— REQUIREMENT —
Everything in the listing below from the line containing "Zeit sparen in" through the line containing "House For Sale: CLAREMONT, Claremont" must be repeated exactly; the remaining lines are not wanted.

<<<<

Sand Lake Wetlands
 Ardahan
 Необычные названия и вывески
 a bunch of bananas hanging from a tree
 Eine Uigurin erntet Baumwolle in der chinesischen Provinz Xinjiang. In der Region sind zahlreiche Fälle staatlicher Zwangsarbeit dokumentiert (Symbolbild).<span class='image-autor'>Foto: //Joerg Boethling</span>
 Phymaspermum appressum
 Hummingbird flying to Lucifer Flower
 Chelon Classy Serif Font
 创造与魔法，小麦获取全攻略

>>>>
<<<<

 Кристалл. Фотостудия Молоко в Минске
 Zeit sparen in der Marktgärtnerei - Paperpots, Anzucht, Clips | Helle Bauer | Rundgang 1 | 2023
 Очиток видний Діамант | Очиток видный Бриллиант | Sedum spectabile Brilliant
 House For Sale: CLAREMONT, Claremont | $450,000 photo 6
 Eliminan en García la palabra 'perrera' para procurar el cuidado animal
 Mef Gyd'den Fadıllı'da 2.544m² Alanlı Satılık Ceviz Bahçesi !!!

>>>>
<<<<

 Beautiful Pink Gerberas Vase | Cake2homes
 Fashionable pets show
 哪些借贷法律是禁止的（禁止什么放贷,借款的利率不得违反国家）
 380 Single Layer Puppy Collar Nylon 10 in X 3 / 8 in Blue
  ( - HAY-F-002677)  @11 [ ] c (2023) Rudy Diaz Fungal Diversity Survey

>>>>

— SOLUTION FOR THIS EXERCISE —
 Zeit sparen in der Marktgärtnerei - Paperpots, Anzucht, Clips | Helle Bauer | Rundgang 1 | 2023
 Очиток видний Діамант | Очиток видный Бриллиант | Sedum spectabile Brilliant
 House For Sale: CLAREMONT, Claremont | $450,000 photo 6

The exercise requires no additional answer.